China colocou milhões de carros elétricos nas ruas, mas agora enfrenta uma consequência inesperada: mais de 1 milhão de toneladas de baterias devem sair de uso por ano até 2030
Com o avanço da frota elétrica, país amplia rastreamento digital, reforça a reciclagem e intensifica o combate ao descarte irregular de baterias

A rápida expansão dos carros elétricos transformou a China na maior referência mundial em mobilidade eletrificada.

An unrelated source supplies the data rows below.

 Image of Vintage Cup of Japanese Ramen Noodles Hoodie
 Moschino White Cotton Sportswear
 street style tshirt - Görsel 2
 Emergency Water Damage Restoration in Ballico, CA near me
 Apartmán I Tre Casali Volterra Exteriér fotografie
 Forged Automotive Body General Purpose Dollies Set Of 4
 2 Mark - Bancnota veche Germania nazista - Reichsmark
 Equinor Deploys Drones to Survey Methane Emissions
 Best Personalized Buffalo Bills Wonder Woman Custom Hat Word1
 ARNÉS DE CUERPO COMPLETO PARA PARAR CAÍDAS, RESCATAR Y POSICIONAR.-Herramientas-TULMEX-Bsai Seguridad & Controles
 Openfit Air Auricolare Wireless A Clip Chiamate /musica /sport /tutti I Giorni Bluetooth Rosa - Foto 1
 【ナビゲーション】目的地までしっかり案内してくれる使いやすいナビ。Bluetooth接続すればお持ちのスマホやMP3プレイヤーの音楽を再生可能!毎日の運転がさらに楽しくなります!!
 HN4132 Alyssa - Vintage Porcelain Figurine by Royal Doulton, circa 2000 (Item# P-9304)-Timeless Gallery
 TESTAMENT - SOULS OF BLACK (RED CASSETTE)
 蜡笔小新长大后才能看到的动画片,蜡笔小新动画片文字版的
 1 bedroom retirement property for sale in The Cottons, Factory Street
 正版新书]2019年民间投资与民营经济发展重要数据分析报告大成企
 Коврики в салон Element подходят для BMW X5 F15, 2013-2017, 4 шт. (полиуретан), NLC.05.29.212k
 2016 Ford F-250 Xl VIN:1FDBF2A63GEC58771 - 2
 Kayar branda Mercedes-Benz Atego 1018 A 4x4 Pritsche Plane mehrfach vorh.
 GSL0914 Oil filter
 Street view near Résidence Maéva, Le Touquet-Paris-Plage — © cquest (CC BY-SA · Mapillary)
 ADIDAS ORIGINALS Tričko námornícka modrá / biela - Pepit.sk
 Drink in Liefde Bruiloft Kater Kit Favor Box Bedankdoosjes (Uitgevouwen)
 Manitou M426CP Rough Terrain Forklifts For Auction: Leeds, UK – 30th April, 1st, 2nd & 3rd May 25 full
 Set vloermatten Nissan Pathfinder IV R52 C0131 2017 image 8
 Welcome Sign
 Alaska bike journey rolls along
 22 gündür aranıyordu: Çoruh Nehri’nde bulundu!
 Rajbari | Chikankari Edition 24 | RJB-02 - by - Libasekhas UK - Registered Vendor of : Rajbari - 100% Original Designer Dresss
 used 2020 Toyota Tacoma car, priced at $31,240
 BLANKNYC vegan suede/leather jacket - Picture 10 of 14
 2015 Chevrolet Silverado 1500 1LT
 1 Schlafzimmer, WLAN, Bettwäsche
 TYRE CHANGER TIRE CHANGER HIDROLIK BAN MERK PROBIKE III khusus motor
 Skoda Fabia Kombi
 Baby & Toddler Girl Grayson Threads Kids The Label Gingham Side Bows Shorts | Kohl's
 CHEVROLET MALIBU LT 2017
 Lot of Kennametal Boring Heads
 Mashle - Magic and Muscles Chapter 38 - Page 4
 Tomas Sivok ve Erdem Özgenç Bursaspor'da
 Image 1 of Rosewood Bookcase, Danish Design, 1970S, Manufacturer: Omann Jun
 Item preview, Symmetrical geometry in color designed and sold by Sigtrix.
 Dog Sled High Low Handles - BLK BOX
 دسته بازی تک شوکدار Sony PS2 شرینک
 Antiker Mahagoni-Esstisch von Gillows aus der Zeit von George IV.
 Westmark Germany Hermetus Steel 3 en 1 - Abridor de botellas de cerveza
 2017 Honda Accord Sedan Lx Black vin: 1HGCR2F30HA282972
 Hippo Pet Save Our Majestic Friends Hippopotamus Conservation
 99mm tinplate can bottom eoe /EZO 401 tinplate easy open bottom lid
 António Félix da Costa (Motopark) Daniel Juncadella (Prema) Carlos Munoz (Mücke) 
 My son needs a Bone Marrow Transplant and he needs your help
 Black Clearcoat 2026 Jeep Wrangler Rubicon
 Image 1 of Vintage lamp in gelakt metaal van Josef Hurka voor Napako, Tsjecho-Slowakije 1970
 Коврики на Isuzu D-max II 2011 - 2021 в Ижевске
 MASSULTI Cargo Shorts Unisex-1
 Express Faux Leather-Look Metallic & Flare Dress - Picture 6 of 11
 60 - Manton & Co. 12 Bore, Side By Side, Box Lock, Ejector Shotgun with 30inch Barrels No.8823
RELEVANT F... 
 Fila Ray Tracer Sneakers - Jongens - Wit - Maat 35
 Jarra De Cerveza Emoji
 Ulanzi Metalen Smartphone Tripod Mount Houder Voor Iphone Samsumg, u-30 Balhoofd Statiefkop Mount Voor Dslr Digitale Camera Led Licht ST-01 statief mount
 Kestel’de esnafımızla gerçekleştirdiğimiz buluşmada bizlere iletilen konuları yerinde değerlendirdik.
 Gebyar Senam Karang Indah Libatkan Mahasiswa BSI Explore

No entanto, o sucesso dessa transição trouxe um novo desafio: o destino das baterias que chegam ao fim da vida útil.
Segundo estimativa divulgada pelo Ministério da Indústria e Tecnologia da Informação da China, o país deverá gerar mais de 1 milhão de toneladas de baterias aposentadas por ano até 2030.
Diante desse cenário, o governo começou a ampliar o controle sobre toda a cadeia de reciclagem para evitar impactos ambientais.
O problema acompanha o próprio crescimento da frota elétrica. Milhões de veículos vendidos nos últimos anos começam a atingir a fase em que as baterias perdem capacidade de armazenamento e precisam ser substituídas ou recicladas.
Sem um sistema organizado, esses equipamentos podem acabar em desmontes clandestinos ou receber destinação inadequada, aumentando os riscos de contaminação ambiental e desperdício de materiais valiosos.
Reciclagem passa a ser prioridade
Para enfrentar o problema, o governo chinês anunciou um conjunto de medidas voltadas ao rastreamento digital das baterias. A proposta permite acompanhar cada unidade desde a retirada do veículo até o reaproveitamento ou reciclagem.
Além disso, as autoridades pretendem intensificar a fiscalização sobre empresas que atuam no setor. O objetivo é combater desmontes ilegais, operações sem licença e o comércio irregular de baterias usadas.
Outra mudança importante envolve a responsabilidade das fabricantes e das empresas participantes da cadeia produtiva. A partir das novas diretrizes, elas deverão manter registros mais detalhados sobre o destino das baterias descartadas e cumprir padrões técnicos estabelecidos pelo governo.
Especialistas apontam que esse controle é essencial porque as baterias de veículos elétricos contêm materiais estratégicos, como lítio, níquel, cobalto e manganês.
Quando reciclados corretamente, esses elementos podem retornar à indústria e reduzir a necessidade de extração de novas matérias-primas.
Por outro lado, o processamento inadequado pode liberar substâncias nocivas ao meio ambiente e colocar trabalhadores em risco.
O caso chinês evidencia que a transição para uma mobilidade mais limpa não depende apenas da fabricação de carros elétricos. Também exige planejamento para administrar os resíduos gerados ao longo dos próximos anos.
Com milhões de veículos em circulação e um volume crescente de baterias chegando ao fim da vida útil, a reciclagem passa a ocupar papel tão importante quanto a própria expansão da frota elétrica.